Aside from the number of injuries it took for Pomeranz to be picked for the roster, it is truly remarkable that Pomeranz has earned his first all-star selection this season. On December 2nd of 2015, when it was announced that Pomeranz and fellow left hander Jose Torres (as well as a PTBNL) were to be traded to the Padres in return for Yonder Alonso and Marc Rzepczynski, it’s hard to imagine anyone was seeing Pomeranz as a future all star just seven months later.
Originally drafted fifth overall in the 2010 draft by the Cleveland Indians, Pomeranz was viewed as a consensus top 50 prospect in 2011 when he was traded from the Indians to the Colorado Rockies as a part of the Ubaldo Jimenez trade. Pomeranz had a shaky two and a half years in Colorado, accumulating a 5.20 ERA in 136.2 innings pitched in the big leagues, before being once again traded to the Oakland Athletics, this time in return for LHP Brett Anderson.

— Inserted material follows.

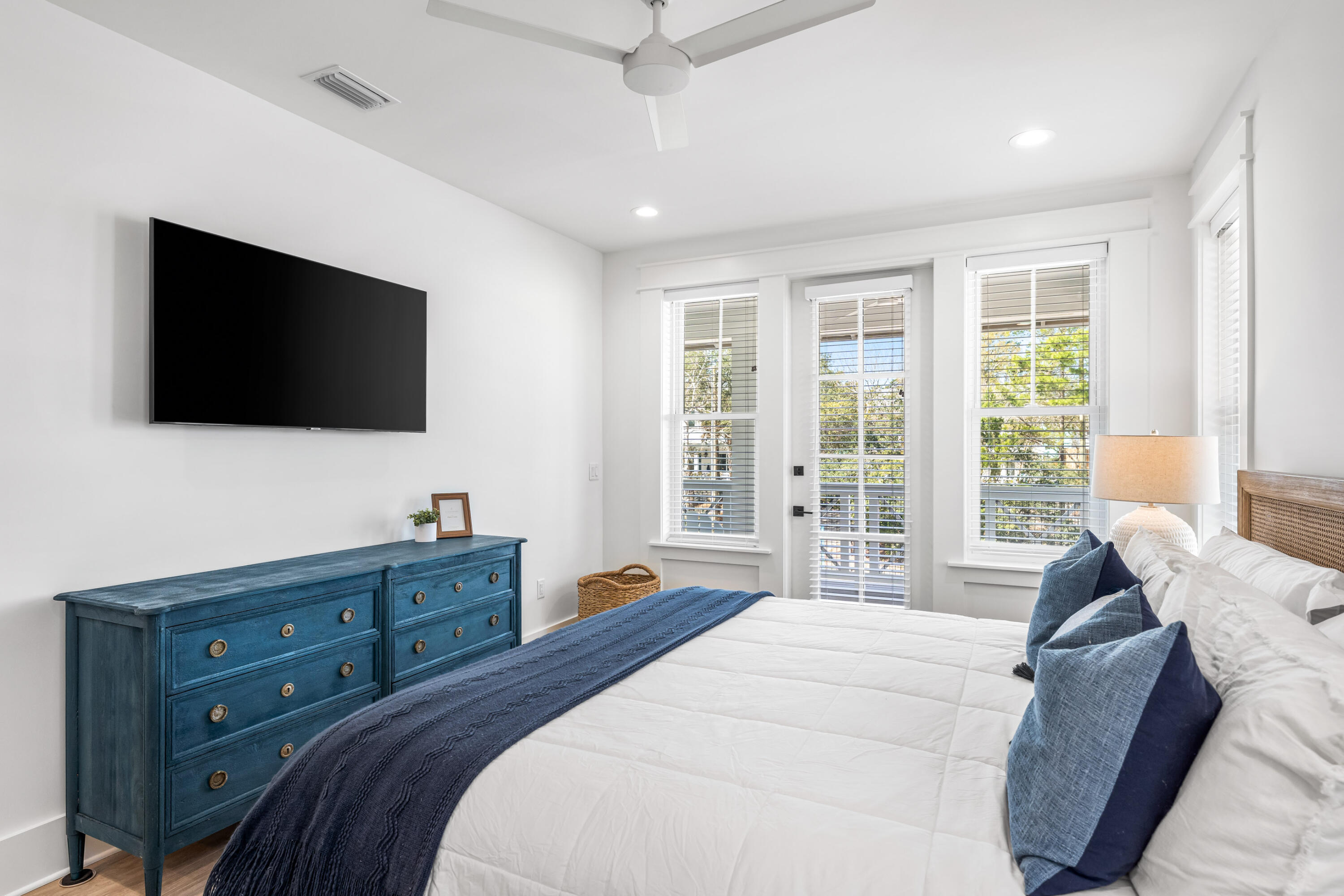 EASTERN LAKE S/D - Residential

While not fantastic, Pomeranz’ results in Oakland were much better, as he accumulated a 3.08 ERA in 155 innings pitched between starting and relieving. Pomeranz had some struggles as a starter in Oakland, but was quite effective during his time as a reliever. Upon being traded to San Diego, it was unclear where Pomeranz would fit in to the Padres roster, as it was still up in the air as to whether he would be a reliever or starter. Pomeranz was given the chance to start in Spring Training and he excelled, eventually earning a position in the starting rotation. The rest, as they say, is history.
After struggling to find a real fit with his first three organizations, Pomeranz has seemed to find a perfect fit in San Diego. There’s obviously still the chance of him being traded once again, given the Padres current position on the win curve and his value as a trade piece, but for now, Pomeranz is truly enjoying playing where he’s at. Pomeranz may not be a San Diego Padre for long, but for now, he’s an All Star.